Tidak terkecuali masyarakat NTB pasalnya, kebijakan ini justru akan menggangu keberlanjutan ekosistem laut. Provinsi yang mengandalkan sektor pariwisata sebagai salah satu penopang ekonomi masyarakat, apalagi dengan kehadiran KEK Mandalika di anggap sebagai sepirit geliat pariwisata di NTB, apabila ekspor ini dipaksakan akan berdampak kepada pariwisata.
Kebijakan ekspor pasir laut pemerintah Provinsi NTB tidak akan melakukan ekspor sedimentasi pasir laut, karena aturannya kita sudah ikat dalam RT/RW tidak ada ruang untuk pengambilan pasir laut, terang Kepala Dinas Kelautan dan Perikanan (Kadislutkan) Provinsi NTB, Muslim, S.T.,M.Si.,
Menanggapi ekspor sedimentasi pasir laut Anggota DPR RI dapil NTB, H. Abdul Hadi, SE.,MM mendukung langkah pemerintah provinsi untuk tidak melakukan ekspor sedimentasi pasir laut.

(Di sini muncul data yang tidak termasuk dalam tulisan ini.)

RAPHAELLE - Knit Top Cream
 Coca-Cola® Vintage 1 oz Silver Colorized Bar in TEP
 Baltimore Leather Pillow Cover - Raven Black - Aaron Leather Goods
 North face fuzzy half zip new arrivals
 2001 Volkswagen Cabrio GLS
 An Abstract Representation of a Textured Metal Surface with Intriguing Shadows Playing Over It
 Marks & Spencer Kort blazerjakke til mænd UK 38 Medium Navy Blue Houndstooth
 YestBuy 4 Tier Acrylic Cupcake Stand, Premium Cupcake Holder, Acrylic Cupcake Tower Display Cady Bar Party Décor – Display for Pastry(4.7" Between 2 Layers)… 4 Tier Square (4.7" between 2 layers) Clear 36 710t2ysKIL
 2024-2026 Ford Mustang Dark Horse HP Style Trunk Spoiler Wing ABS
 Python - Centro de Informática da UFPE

"Kami khawatir kebijakan ini justru dapat merugikan masyarakat NTB, sektor pariwisata yang menjadi andalan akan berdampak terutama biota laut dipulau-pulau kecil" ujarnya.
Selain mengancam lingkungan hidup, H. Abdul Hadi, SE.,MM menerangkan kalau ada dampak sosial dari pada penurunan hasil tangkapan ikan dan kesejahteraan nelayan. Kemudian, ada juga risiko penurunan kualitas lingkungan yang mempengaruhi mata pencarian masyarakat pesisir yang bergantung pada sumber daya laut. Penambangan pasir laut juga berpotensi memperparah dampak krisis iklim.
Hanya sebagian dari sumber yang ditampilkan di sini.